T ü r k i y e ' n i n   B i r i k i m i

Y A Z A R L A R
Nazım Hikmet'le aynı sahnede alkışlanmak

Nazım Hikmet'le beni, aynı sahnede ve birlikte alkışladılar. Nazım Hikmet'i ve benim özgeçmişimi tanıyanlar, bu ifademe şaşıracaklardır. Diyeceklerdir ki, ayrı dünyaların adamı olan bu iki kişi, nasıl olur da birlikte alkışlanır?

Biz Nazım Hikmet'le sadece ayrı dünyaların adamı değil, aynı zamanda ayrı nesillerin insanıyız. Bu nasıl olmuştur?

1970'li yıllarda Avrupa Konseyi Başkan Vekiliyim. Aynı zamanda, Avrupa Konseyi, Çevre Komisyonu üyesiyim. Bu komisyon, çevreyi korumakta yaptığı başarılı çalışmaları dolayısıyla, İtalya'nın Varese şehrine Avrupa Konseyi Bayrağı Ödülü'nü verdi. Cevre Komisyonu da, bu ödülü, Varese Belediyesi'ne vermek üzere beni görevlendirdi.

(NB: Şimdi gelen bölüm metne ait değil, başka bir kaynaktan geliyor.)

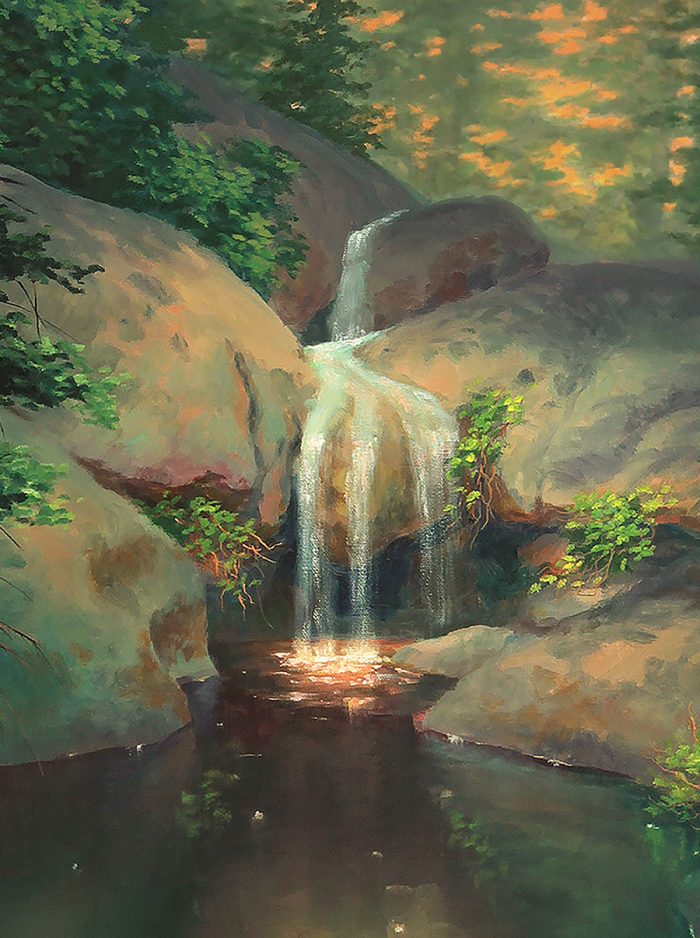 Behind The Painting Reflection Falls DONALD TOWNS ART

Kararlaştırılan tarihte, trenle Varese'ye gittim. Trenden indiğim zaman gördüğüm manzara beni hayretlere düşürdü. Bütün şehir, en küçük sokaklara varıncaya kadar, bayraklarla donatılmıştı. Birlikte asılan üç bayrak vardı: İtalyan bayrağı, Avrupa Konseyi bayrağı ve Türk bayrağı.

Üç ayrı bayrağın birlikte asılmasıyla, şehir adeta kırmızı ve maviye boyanmıştı. Avrupa Konseyi'ni temsil eden, mavi bir zemin üzerindeki 12 sarı yıldızlı bayrak, bu şehre ödül veren kuruluşa duyulan bir saygıyı ifade ediyordu. Ödülü veren temsilci olarak Türk milletvekili olduğum için de, Türk bayrakları asılmıştı.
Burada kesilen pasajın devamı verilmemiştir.